Mais le chantier a entraîné des modifications, explique-t-on chez Groupe Mach. « Malheureusement, en raison des contraintes au niveau de l’ingénierie et de la construction du talus, la préservation de ces arbres est devenue incompatible avec notre obligation de respecter la réglementation de zonage de la municipalité. Nous avons dû nous résoudre à les couper, et ce, en toute légalité, puisque leur conservation n’était pas une obligation alors que la construction du talus en était une », a indiqué par courriel Sylvie Rousseau, directrice du marketing et des communications chez Groupe Mach.

Pétition citoyenne

Il était 8 h 30, le 26 juin dernier, lorsque Yolanda Garreffa est sortie en trombe de sa cuisine en criant pour tenter de stopper l’abattage des grands sapins derrière sa cour. Le coup de gueule avec le chargé de projet sur le chantier n’a rien changé et la machinerie a fait son œuvre.

Le mal est fait, mais ce n’est pas vrai qu’on va rester silencieux. On nous a menti et la Ville a fermé les yeux.

Yolanda Garreffa, résidante de l’avenue des Aristocrates

Depuis, ce sont dix, quinze arbres et peut-être davantage, qui ont été abattus, selon les résidants. Personne ne réussit à en faire le décompte. Ni le promoteur ni la Ville de Laval. Mais chose certaine, des photos du paysage avant le chantier montrent des arbres matures derrière les 28 cours arrière.

Une pétition réclamant le respect des conditions présentées aux résidants, a été déposée auprès de la conseillère municipale du district Val-des-Arbres, Christiane Yoakim.
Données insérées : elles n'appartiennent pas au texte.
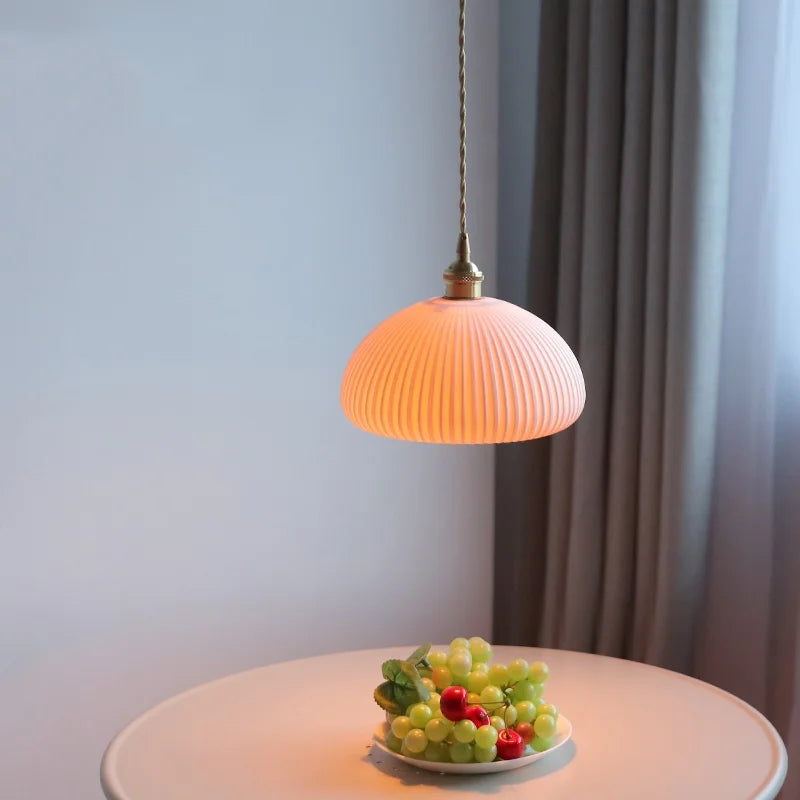 Ceramic LED Pendant Lamp, Modern Nordic Design, Adjustable 2m Wire, White Finish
Jointe en début de semaine, Mme Yoakim a dit être mécontente de la situation.

« Je comprends les frustrations des citoyens, surtout quand la Ville a donné un permis avec des restrictions », a-t-elle commenté. Mme Yoakim a également souligné que la Ville « analyse le dossier d’un point de vue juridique », car il doit y avoir « une nouvelle plantation d’arbres » pour remplacer ceux qui ont été coupés, a-t-elle évoqué au téléphone.

À l’hôtel de ville, le service des communications soutient « qu’il n’y a pas eu de coupe massive d’arbres dans ce projet ». On précise également que les permis de construction prévoient la préservation de seulement 17 arbres matures. Après deux inspections sur les lieux à la suite des alertes des résidants, la Ville affirme qu’au total, quatre arbres ont été abattus, trois afin de permettre l’installation des équipements électriques d’Hydro-Québec (exception permise par la réglementation) et un seul qui aurait dû demeurer debout.

Les résidants ne font pas les mêmes calculs et surtout, ils ne sont pas du même avis. « On se sent trahis par la Ville », disent en chœur M. Creti et Mme Garreffa qui promettent de ne pas baisser les bras.